Wouldn't a woodstove solve that problem? I have no heat in my studio either. I lkeave an electric oil filled radiator on 24-7. It works OK but costs a fortune.
................Stape
Your studio looks fabulous. I'm still painting part-time at the kitchen table after everyone leaves for school and work in the mornings and taking down before they get home in the afternoons. I'm looking forward to our new house being finished so I'll have my own space to paint.
And I'm shivering here in San Antonio because it got down to 29 last night. I'm such a wimp.
I'm with Stape. I love my woodstoves! Nothing like good old fashion wood heat. It will toast you to the core! Heck, you might even have to open a window if you let it get out of control.
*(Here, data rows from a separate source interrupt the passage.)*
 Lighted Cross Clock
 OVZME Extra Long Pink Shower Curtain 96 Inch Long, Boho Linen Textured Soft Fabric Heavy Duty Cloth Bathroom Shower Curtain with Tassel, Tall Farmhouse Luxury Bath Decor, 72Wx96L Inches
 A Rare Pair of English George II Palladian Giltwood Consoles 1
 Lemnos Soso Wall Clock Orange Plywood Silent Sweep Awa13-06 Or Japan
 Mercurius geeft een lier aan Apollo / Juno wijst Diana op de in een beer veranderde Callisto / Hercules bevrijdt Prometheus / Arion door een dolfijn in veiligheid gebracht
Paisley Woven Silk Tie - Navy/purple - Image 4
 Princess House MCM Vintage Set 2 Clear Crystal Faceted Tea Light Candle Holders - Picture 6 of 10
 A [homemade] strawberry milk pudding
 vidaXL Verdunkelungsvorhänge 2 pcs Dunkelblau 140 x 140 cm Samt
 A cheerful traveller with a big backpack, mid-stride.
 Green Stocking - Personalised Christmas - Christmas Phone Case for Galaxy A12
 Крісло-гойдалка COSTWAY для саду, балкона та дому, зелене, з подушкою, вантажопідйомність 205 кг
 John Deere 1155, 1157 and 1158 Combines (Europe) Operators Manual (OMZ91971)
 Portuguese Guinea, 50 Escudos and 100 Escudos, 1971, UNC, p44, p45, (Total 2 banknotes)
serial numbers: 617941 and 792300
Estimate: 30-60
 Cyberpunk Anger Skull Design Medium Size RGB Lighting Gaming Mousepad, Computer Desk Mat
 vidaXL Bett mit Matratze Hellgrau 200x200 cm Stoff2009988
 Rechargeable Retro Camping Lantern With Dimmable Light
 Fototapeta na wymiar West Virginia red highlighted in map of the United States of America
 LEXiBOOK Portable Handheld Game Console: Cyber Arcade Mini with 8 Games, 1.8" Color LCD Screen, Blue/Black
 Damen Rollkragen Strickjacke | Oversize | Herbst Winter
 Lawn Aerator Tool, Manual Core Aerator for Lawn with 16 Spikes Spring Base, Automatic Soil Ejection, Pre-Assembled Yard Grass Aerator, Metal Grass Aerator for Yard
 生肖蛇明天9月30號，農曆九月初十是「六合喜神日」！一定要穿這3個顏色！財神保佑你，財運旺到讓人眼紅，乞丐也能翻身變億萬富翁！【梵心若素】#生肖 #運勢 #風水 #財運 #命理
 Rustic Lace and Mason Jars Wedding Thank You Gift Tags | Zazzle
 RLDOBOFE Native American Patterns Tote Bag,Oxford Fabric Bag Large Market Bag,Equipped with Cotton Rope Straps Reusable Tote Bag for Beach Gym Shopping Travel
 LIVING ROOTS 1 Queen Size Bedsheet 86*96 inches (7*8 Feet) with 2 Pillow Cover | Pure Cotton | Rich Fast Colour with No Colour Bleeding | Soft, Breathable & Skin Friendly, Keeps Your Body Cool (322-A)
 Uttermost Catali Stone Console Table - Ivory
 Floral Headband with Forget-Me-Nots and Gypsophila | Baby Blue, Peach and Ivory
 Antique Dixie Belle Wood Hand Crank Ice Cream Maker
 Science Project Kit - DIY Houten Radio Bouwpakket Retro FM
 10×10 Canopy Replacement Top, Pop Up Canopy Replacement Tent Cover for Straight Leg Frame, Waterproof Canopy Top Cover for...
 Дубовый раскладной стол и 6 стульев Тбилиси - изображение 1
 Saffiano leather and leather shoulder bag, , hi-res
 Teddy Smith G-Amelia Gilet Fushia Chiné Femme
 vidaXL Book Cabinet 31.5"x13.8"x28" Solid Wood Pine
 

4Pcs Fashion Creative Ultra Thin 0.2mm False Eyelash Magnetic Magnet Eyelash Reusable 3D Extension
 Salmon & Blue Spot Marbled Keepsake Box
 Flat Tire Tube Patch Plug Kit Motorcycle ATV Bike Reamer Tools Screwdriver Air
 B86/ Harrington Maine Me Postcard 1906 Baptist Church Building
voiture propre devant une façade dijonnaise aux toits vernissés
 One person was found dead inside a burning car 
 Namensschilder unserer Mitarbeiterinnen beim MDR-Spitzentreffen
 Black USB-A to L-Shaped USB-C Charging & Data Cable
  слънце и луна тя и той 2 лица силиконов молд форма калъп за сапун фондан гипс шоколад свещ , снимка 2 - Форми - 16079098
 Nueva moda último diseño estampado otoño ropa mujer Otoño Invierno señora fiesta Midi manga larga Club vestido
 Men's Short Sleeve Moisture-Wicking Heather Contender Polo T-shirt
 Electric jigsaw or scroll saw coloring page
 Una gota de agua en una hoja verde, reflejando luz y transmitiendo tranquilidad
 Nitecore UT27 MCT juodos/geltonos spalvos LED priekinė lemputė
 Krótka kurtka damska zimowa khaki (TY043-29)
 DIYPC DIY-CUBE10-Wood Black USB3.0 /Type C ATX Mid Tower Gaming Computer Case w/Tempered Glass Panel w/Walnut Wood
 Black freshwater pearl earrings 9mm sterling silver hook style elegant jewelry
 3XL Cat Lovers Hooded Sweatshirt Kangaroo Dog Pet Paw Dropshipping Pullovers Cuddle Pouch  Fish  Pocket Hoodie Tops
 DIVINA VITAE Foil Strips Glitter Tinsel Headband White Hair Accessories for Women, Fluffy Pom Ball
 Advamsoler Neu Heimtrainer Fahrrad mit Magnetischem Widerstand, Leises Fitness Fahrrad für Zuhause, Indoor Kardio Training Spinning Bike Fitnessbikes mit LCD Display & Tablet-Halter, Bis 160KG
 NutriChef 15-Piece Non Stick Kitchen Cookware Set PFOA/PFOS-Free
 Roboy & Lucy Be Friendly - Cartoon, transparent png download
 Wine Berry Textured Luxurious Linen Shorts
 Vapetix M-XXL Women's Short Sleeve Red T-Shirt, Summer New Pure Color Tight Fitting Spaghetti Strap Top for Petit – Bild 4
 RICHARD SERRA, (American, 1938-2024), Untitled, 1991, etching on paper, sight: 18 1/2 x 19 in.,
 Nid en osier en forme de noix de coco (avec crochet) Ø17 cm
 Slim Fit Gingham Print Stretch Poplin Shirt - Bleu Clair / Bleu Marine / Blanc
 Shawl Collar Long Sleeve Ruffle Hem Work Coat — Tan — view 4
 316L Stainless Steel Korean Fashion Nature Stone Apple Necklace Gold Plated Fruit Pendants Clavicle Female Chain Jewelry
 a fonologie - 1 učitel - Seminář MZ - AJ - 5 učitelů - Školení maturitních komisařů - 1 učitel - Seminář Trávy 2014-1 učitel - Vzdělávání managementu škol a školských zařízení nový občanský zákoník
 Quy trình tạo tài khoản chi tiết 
Sorry you're missing your chicken home. It is a wonderful place and I can easily see why you would miss going to work there. There's something about being surrounded by all your art stuff that's inspiring. You can always take over the dining room. Cover the table with plastic and bring in your art supplies. It can become your new winter studio...
Are you still on your computer? Isn't it time to get dressed and go to work???
Glen--Do you mean the one he did with his pink bunny slippers on?
Stape-- I have long wished for a wood stove in there. I also thought of a moniter heater that I could run at a real low temp overnight. We use the oil-radiator for our unheated bedroom upstairs.
Virginia-- I've had my "studio" in the dining room too. Whatever it takes, right? By the way, we won't warm up to the twenties for a few days. That's why two million people live in SA, and only one million live in all of Maine!
Susan-- I've taken over the living room, so I can look out the back window.
Actually Kev, I looked for the painting I have in my mind's eye but couldn't find it, so I might be wrong. I thought he did a self portrait where he was in his bathrobe and smoking his pipe. But if he did I can't find it. As for your heating problems... Why would anyone buy (or build for that matter) a home in Maine that didn't have heat in all rooms????